Eppure, i primi sospiri di partita sembrano poter essere interessanti per i rossoneri. Baricentro alto, giro palla veloce e terzini molto alti per cercare di allargare le maglie della difesa della Lazio, sempre schierate in maniera ottimale con un 5-3-2- difficile da penetrare tanto in mezzo quanto suoi lati. Il Milan però dura solo una decina di minuti, il tempo che serve a Simone Inzaghi per capire che cosa fare per far saltare completamente la tattica rossonera e schiacciare dal punto di vista mentale una squadra con pochissime certezze. La Lazio, invece, ne ha molte di più e le fa valere tutte in campo, dalla prima all'ultima. Immobile attacca di continuo la profondità negli spazi della linea a 4 difensiva del Diavolo che si creano fra centrale e terzino di riferimento, con gli esterni a tutta fascia Lulic e Basta che costringono Rodriguez e Calabria a non poter stare troppo stretti. Disastrosa, in particolare, la prestazione del sostituto di Conti sulla destra che non riesce mai ad uscire dalla centrifuga del pomeriggio romano.

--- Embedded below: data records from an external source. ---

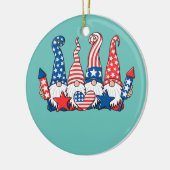 Funny Gnomes Patriotic American Flag Cute Gnomes Keramisch Ornament (Links)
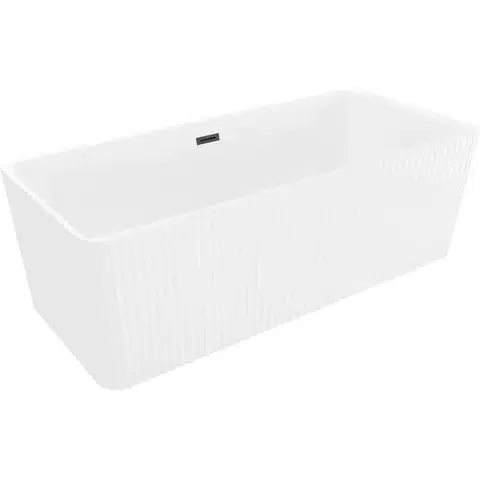 Vane MEXEN/S - Nila voľne stojaca vaňa reliéf 170 x 75, biela, sifón a prepad čierna 52841708000-70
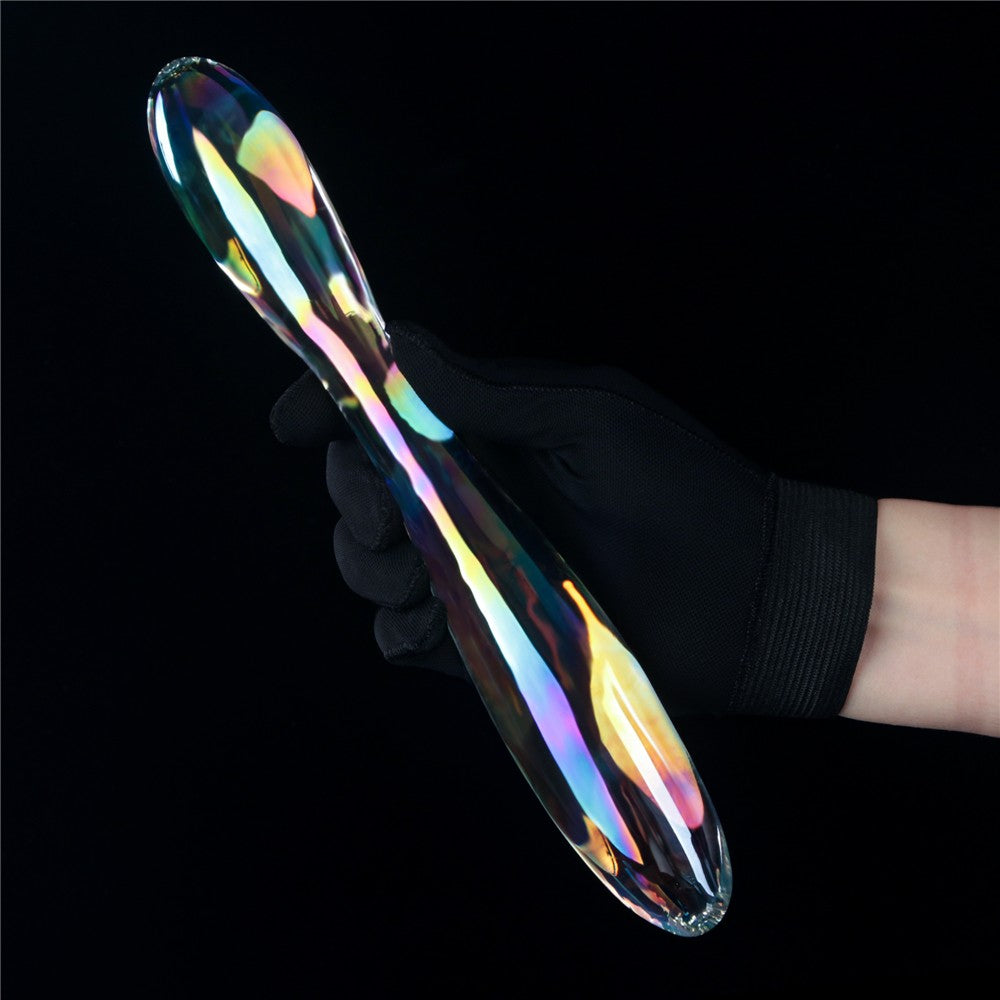 Twilight Gleam Glass Dildo - Double delight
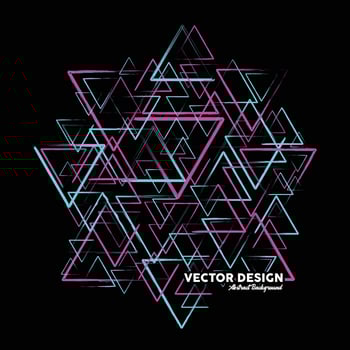 Modern style abstract background made of triangular shapes in pink and blue colors. Vector illustration.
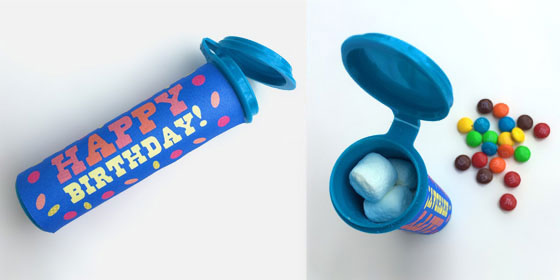 M&M tubes anti gravity cakes: Happy Birthday cake idea!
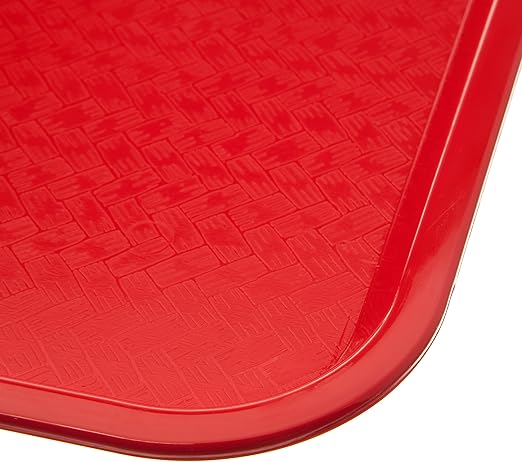 Carlisle FoodService Products CT121605 Cafe Standard Plastic Cafeteria/Fast Food Tray, NSF Certified, BPA Free, 16" Length x 12" Width, Red (Pack of 24)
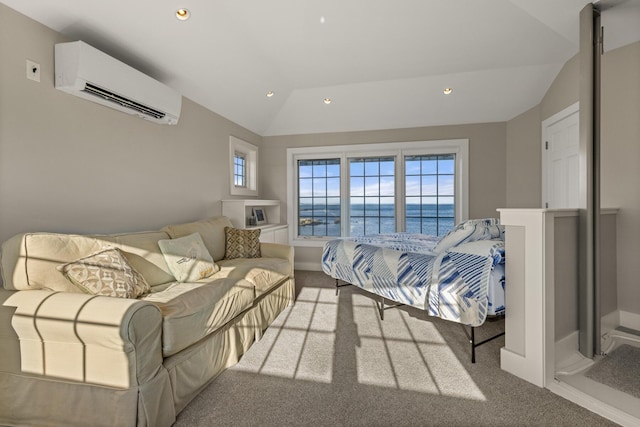 carpeted bedroom with a water view, a wall unit AC, and lofted ceiling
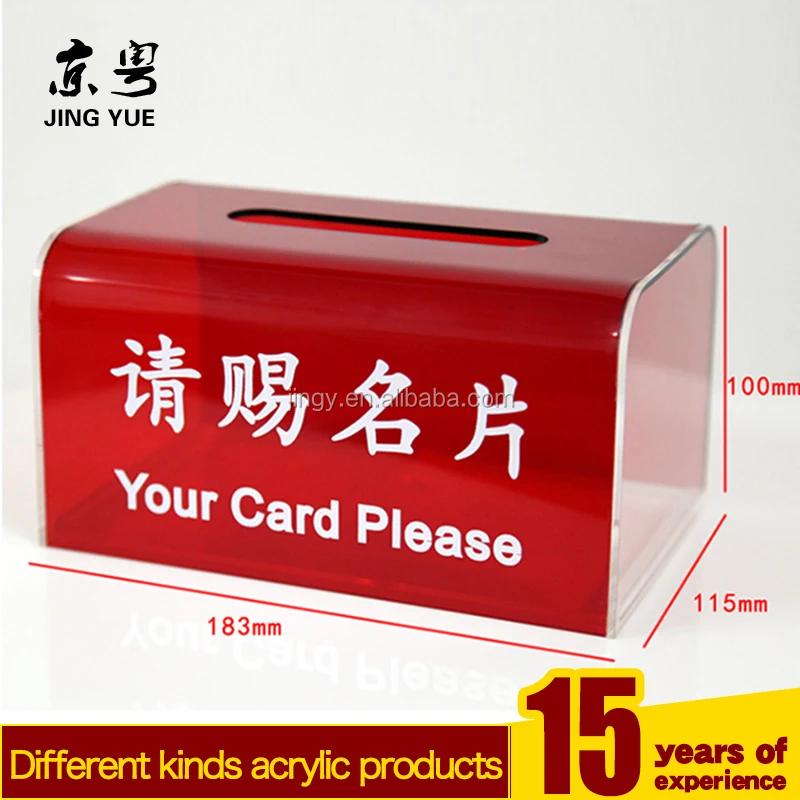 Factory Custom Red Square Office Desk Table Pmma Plexiglass Name Card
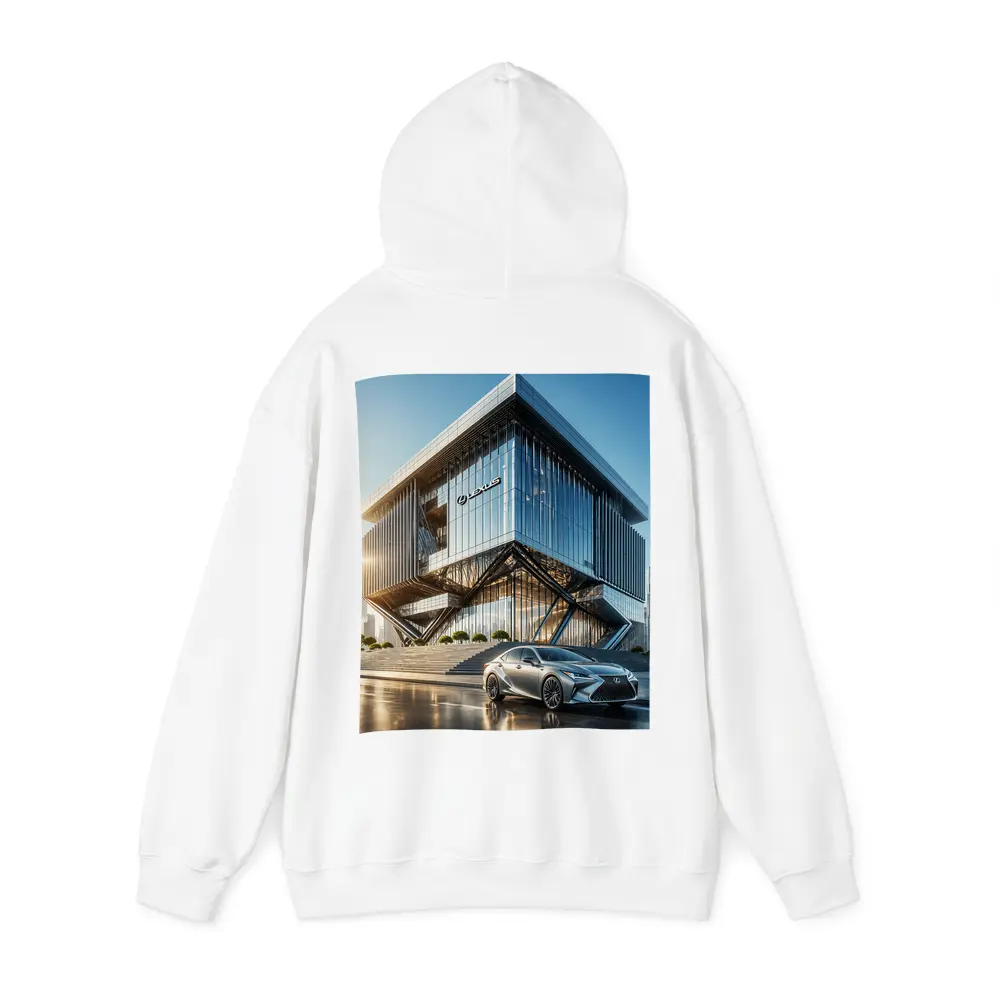 Lexus ES Silver Sedan Modern Glass Building – Hoodies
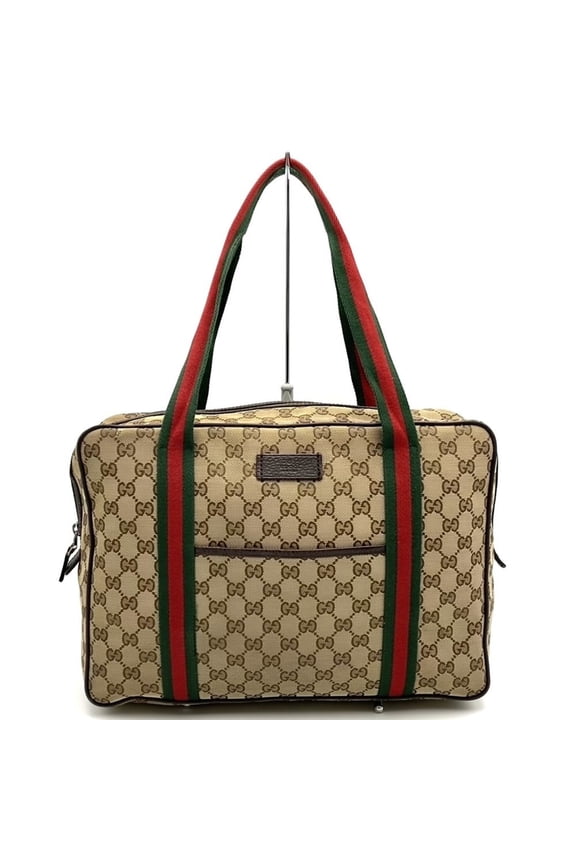 Pre-Owned GUCCI 189753 GG Canvas Sherry Tote Bag Shoulder Brown Women's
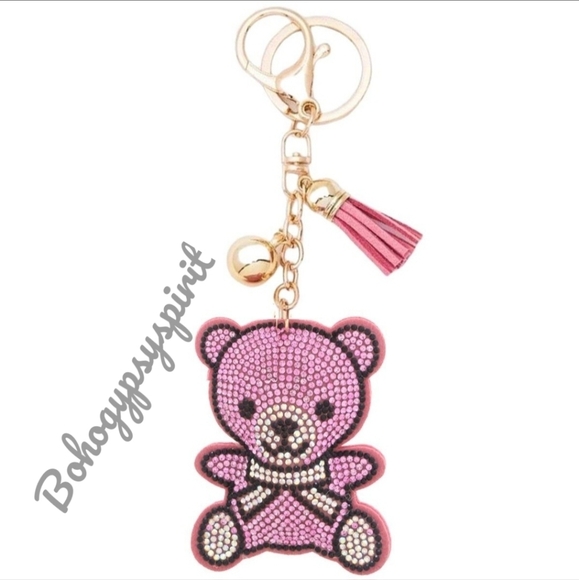 Bling Teddy Bear Crystal Rhinestone Keychain Bag Charm With Pink Tassel - Picture 8 of 12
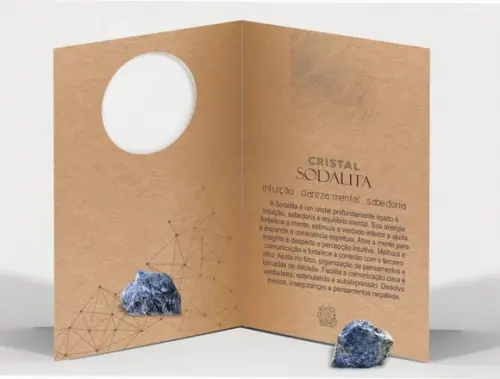Cartão Personalizado + Cristal Sodalita. Pct c/ 12 Kits.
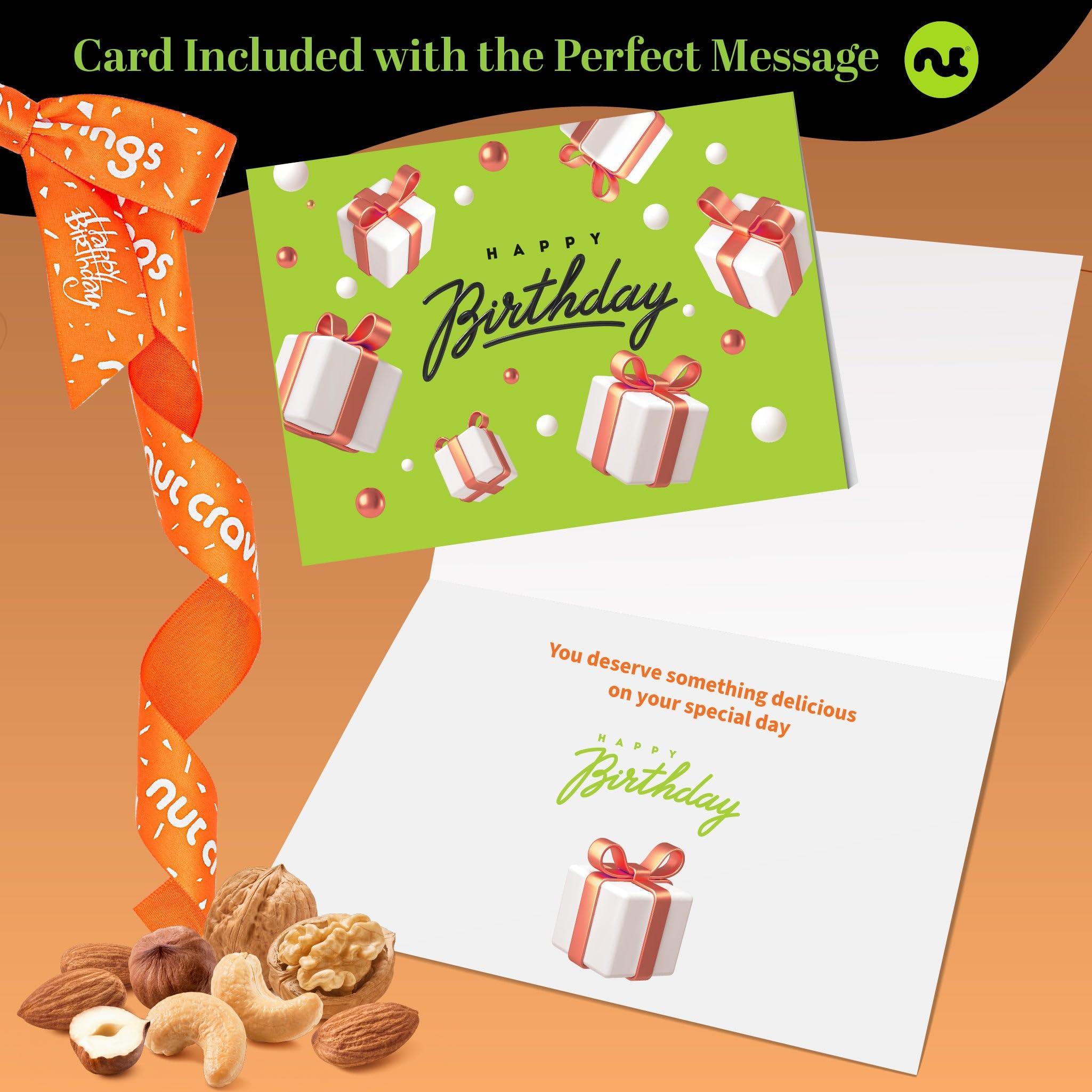 Nut Cravings NUT CRAVINGS Gourmet Collection - Happy Birthday Nuts Gift Basket with HB Ribbon in Reusable Wooden Tray (12 Assortments) Food Platter, Bday Care Package Variety, Healthy Kosher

La partita del Milan finisce sostanzialmente con il rigore, ingenuo, che Kessie regala ad Immobile. Da quel momento il Milan crolla di testa e sparisce completamente dal campo, con la Lazio libera di banchettare su quel che resta della squadra rossonera. Squadra, o meglio, al momento un insieme di buoni o grandi giocatori, perchè non si diventa più o meno bravi di quello che si è per una sola partita, che ancora non ha trovato il giusto amalgama e la giusta coesione. Non è forse un caso che nel post partita, da Montella passando per i giocatori, il concetto su cui si insista di più sia proprio questo. Tutto giusto e tutto vero, senza dimenticare gli errori tattici dell'allenatore rossonero. L'attacco è abulico e se è vero che Borini è l'unico giocatore che si muove senza palla è anche vero che con la palla fra i piedi l'ex Roma non si trova troppo a suo agio. Suso è stritolato da Lulic per tutta la partita e senza la sua inventiva, o senza nessuno che sia in grado di tentare la giocata oltre a lui, la situazione diventa molto molto complicata.
L'occasione per una reazione si presenterà fra pochi giorni con l'impegno in Europa League, ma è utopico pensare di poter risolvere tutto in appena tre giorni. Meglio fare un passo alla volta e allora per Montella la priorità sembra poter essere quella di ridare una scossa a livello mentale a tutto il gruppo. Senza testa non girano nemmeno le gambe e non si può nemmeno iniziare a parlare di tattica o di moduli, anche se la sensazione è che il 4-3-3 sia arrivato al capolinea con Montella sulla panchina del Milan. Questa squadra non può permettersi di abbandonare mentalmente le partite, soprattutto contro avversari di livello e più rodati nei meccanismi. Il rischio concreto, altrimenti, è quello di andare incontro a dei risultati che tutto farebbero, meno che aiutare il processo di creazione di un gruppo e di una squadra.